=== DIRECTIONS ===
Could you return only the lines that run from the line with "Fiat Punto MyLife/Navi/Klima/8-fach" through the final line of the data, exactly as they stand?

=== STORED DATA ===
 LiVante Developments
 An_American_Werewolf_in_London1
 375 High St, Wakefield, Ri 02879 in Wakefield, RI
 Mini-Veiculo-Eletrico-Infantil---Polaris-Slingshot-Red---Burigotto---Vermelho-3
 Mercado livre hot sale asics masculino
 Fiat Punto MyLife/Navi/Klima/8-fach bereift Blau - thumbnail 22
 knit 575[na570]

=== WORKED SOLUTION ===
 Fiat Punto MyLife/Navi/Klima/8-fach bereift Blau - thumbnail 22
 knit 575[na570]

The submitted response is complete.